Seit ich zu studieren angefangen habe, lande ich mehrmals jährlich in irgendwelchen deutschen Städten, vor allem in Berlin – um Freunde zu besuchen, Konferenzen und BarCamps zu besuchen, oder (wie häufig im Falle Berlins) um als Endpunkt irgendwelcher Urlaubs-(Tramp-)Reisen zu dienen. Und wann immer ich in Berlin – oder einer beliebigen anderen größeren Stadt, in der ich mehr als nur ein paar Tage verbringen werde – ankomme, werde ich mit der immer gleichen, nervigen Frage konfrontiert:
Welches Nahverkehrsticket soll ich nur kaufen?
Das klingt jetzt vielleicht ein wenig lachhaft. Und für jemand mit einem etwas weniger knapp gestrickten Budget, oder für Leute, die nicht ganz so auf Optimierung im Allgemeinen und optimalen Nahverkehr im Besonderen abfahren wie ich, ist das sicherlich auch eine lächerliche Frage. Ich halte das aktuelle Abrechnungsprinzip (nicht nur) im deutschen Nahverkehr aber für eines der größten Hindernisse auf dem Weg zu einem möglichst anstrengungsfreien Nahverkehr – weil man sich im Vorhinein aussuchen muss, wie häufig man den ÖPNV nutzen wird.

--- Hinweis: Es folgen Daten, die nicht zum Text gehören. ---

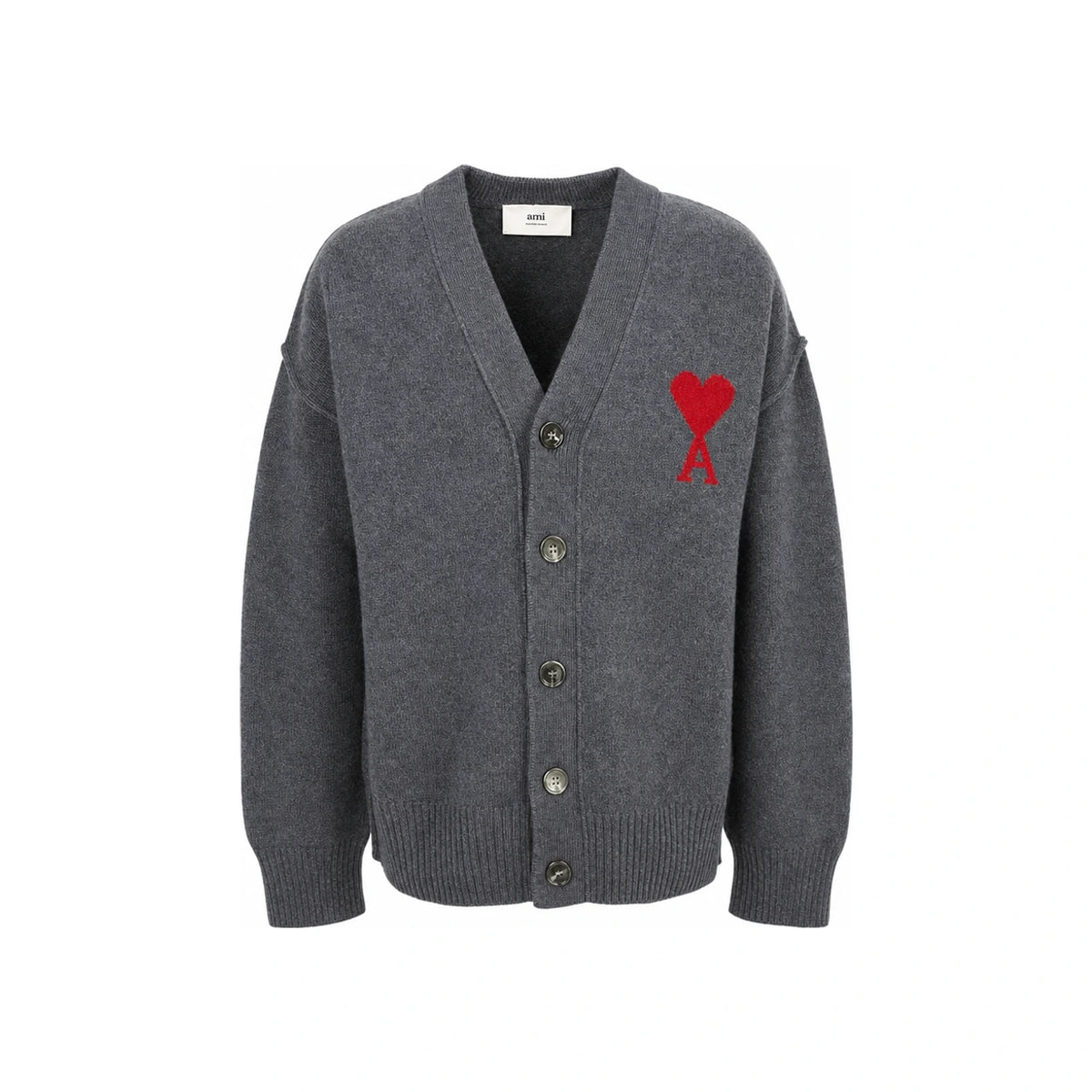 AMI Big Heart Logo Intarsia Unisex Cardigan Knit UKC367 018 084
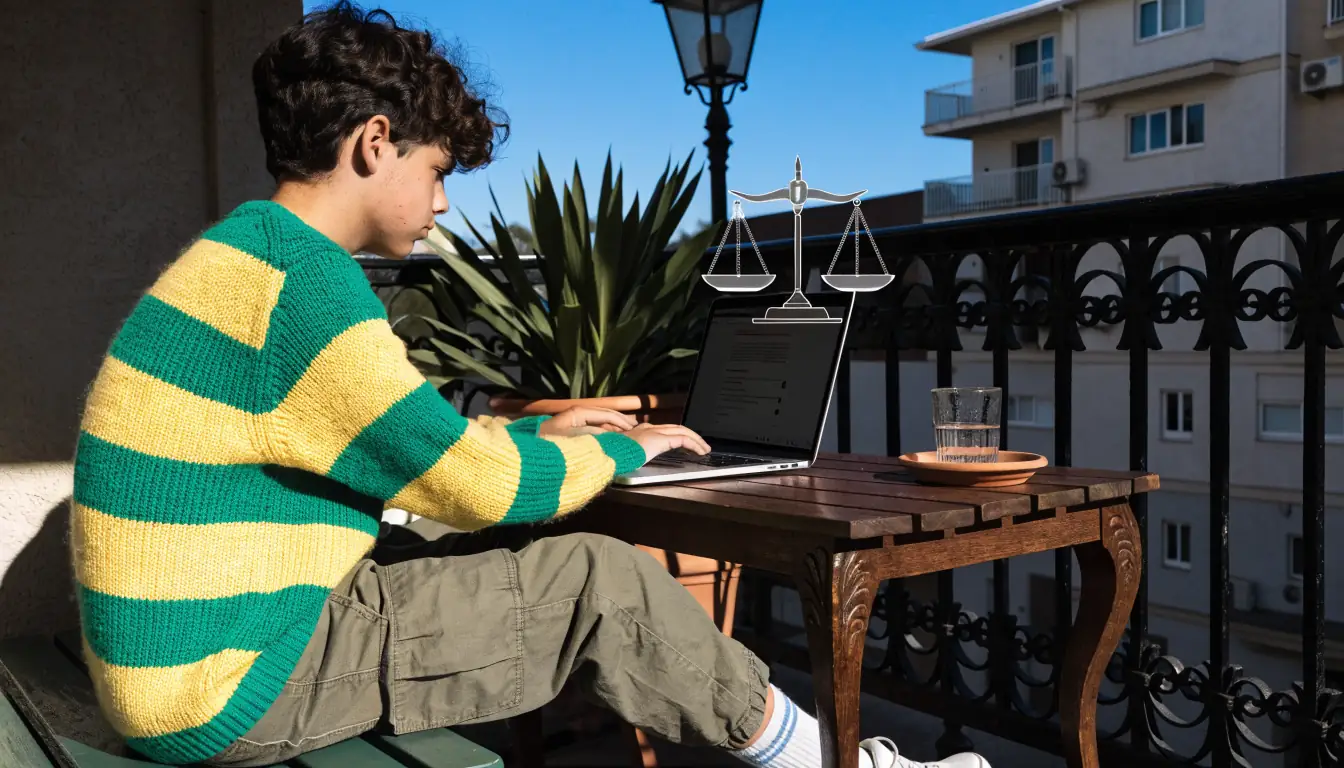 Teen on balcony with legal scales over laptop
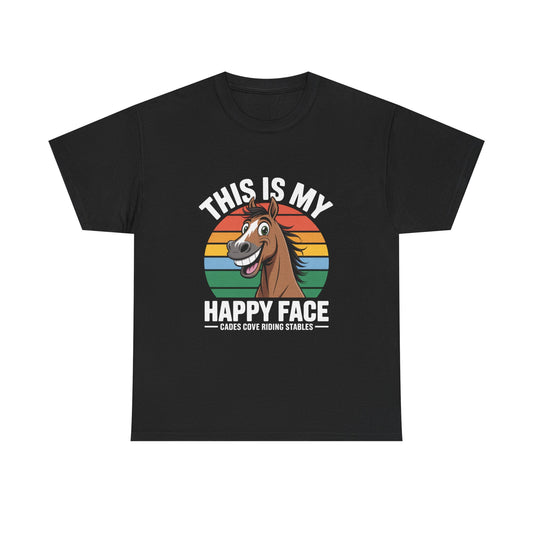 This Is My Happy Face Cades Cove Riding Stables Shirt – Funny Horse Adult Tee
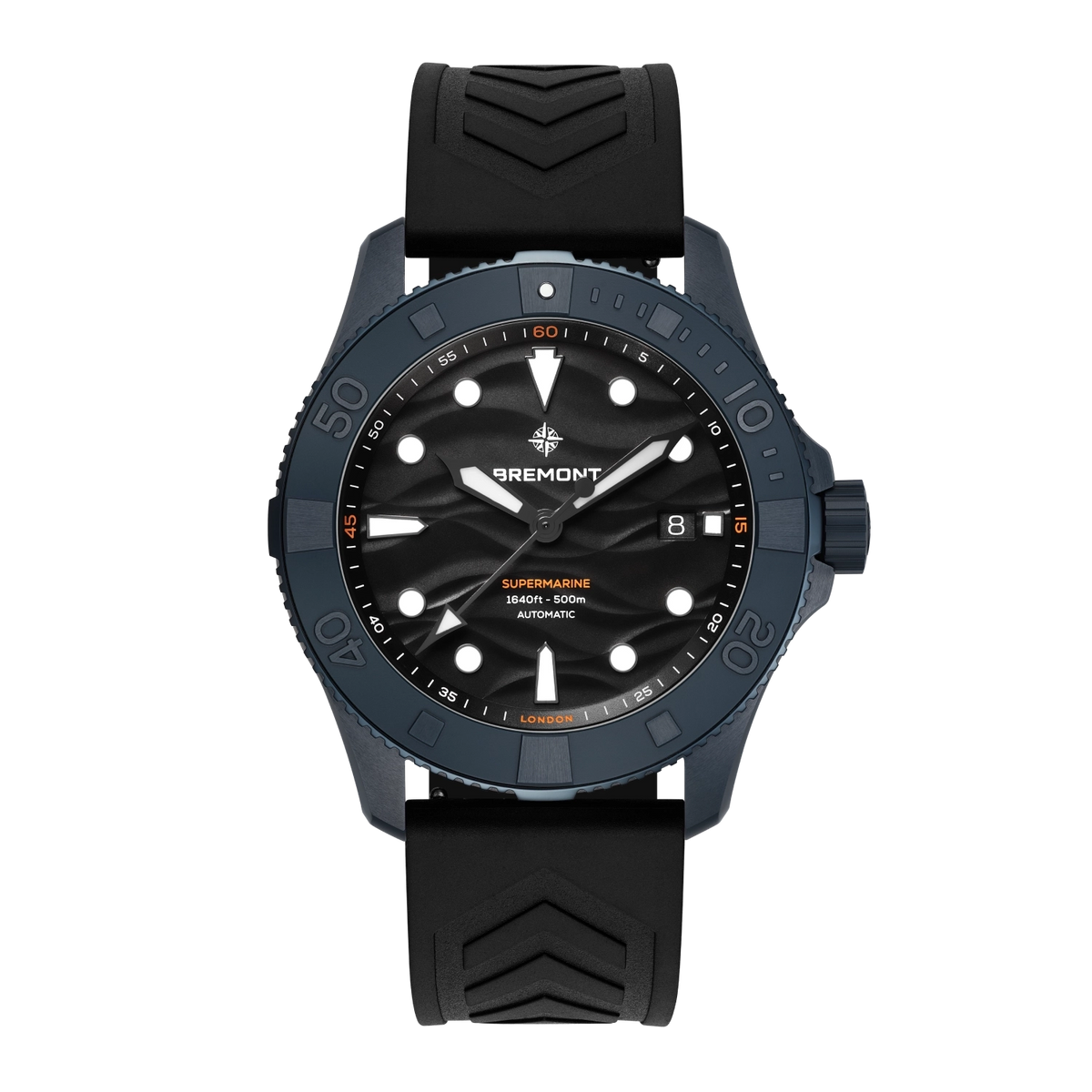 Supermarine Full Ceramic Deep Blue Rubber Strap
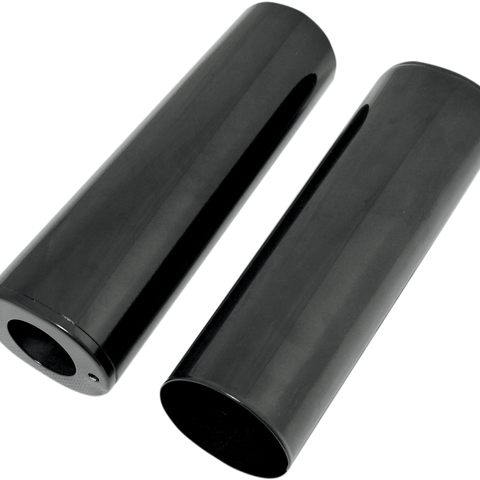 DRAG SPECIALTIES Fork Slider Covers - Gloss Black - Smooth - Extended +4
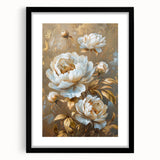 Elegant black-framed wall art showcasing a botanical peony design, featuring intricate pink and green floral details on a white background, perfect for home decor.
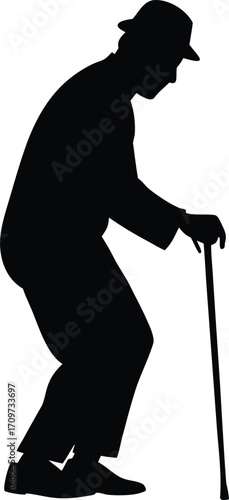 Elderly man silhouette with walking cane vector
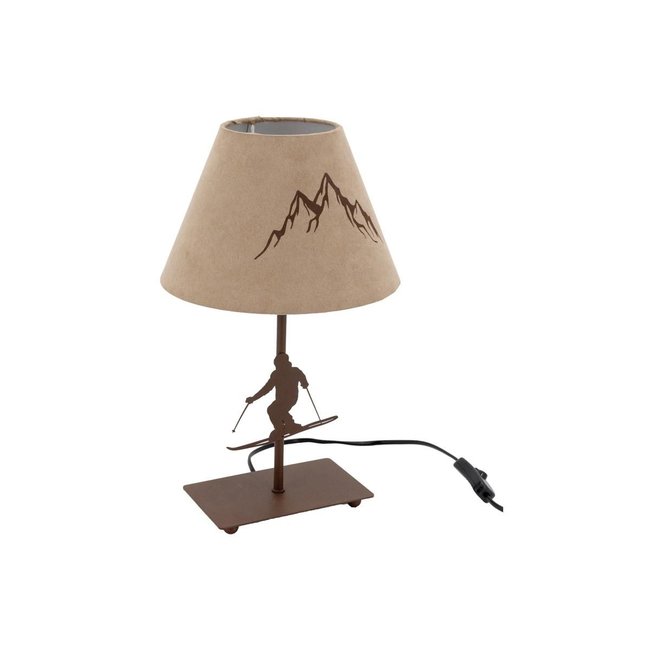Lampe à poser métal découpé Chatel Skieur Couleur brown <span itemprop=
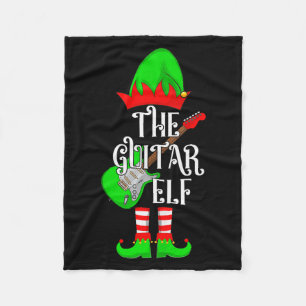 Guitar Elf Christmas Pajamas Matching Family Elf S Fleece Blanket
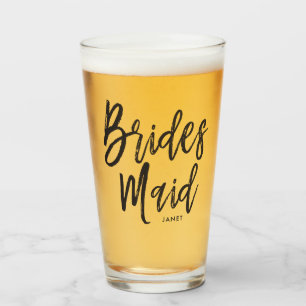Bridesmaid Schwarz-Script-Stil Glas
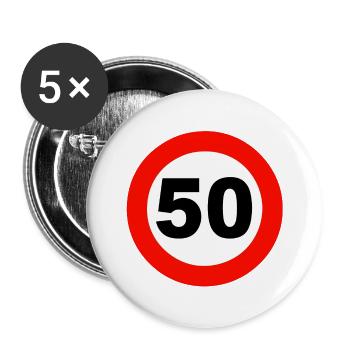 50.Geburtstag , Verkehrsschild , 50 Jahre (25) - Buttons groß 56 mm (5er Pack) - Weiß - Vorne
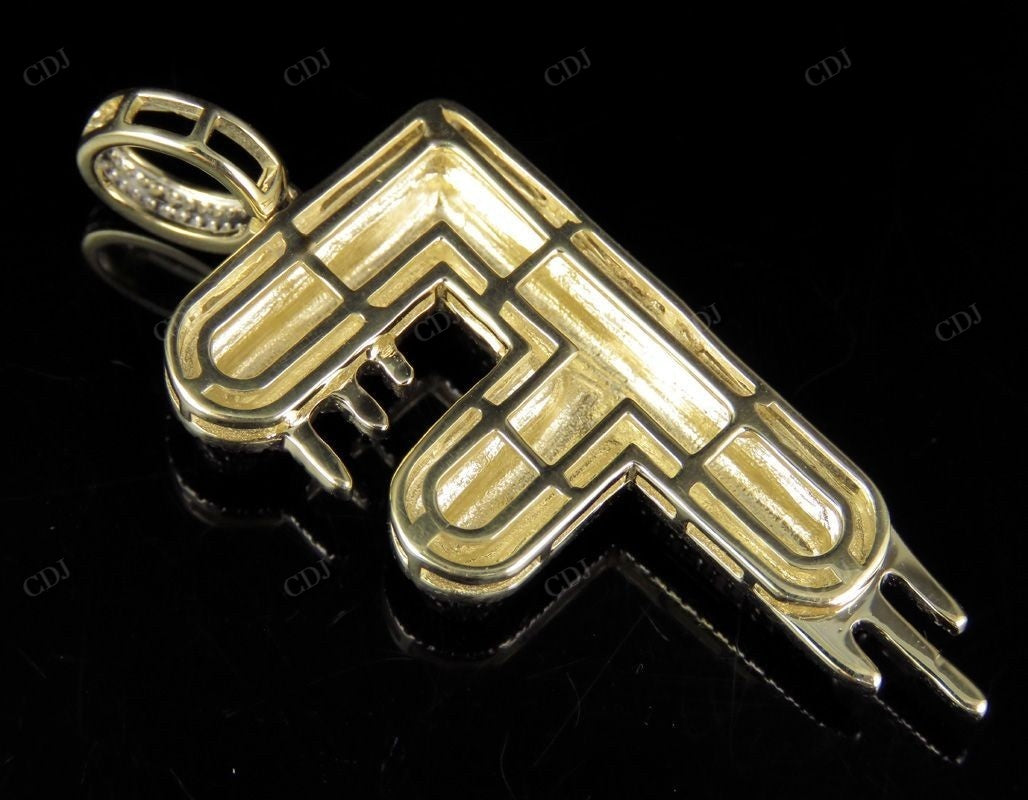 2" 1.25 CTW 14K Solid Gold Diamond Letter 'F' Initial Drip Pendant CustomDiamJewel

Exkurs: „Anstrengungsfrei“ heißt, alle mentalen oder physikalischen Barrieren beim Zugang zu öffentlichem Nahverkehr auf ein Minimum zu reduzieren. Das heißt beispielsweise eine enge Taktung (→ geringe Wartezeiten), saubere und klimatisierte Fahrzeuge, so einfache und angenehme Fahrplan- und Reiseinformationsabfragen wie irgendwie möglich, oder sogar die Minimierung empfundener (sic!) Wartezeiten, indem Echtzeit-Abfahrtsinformationen an Haltestellen bereitgestellt werden. Weitere Beispiele hierzu in der Arbeit von Katrin Dziekan.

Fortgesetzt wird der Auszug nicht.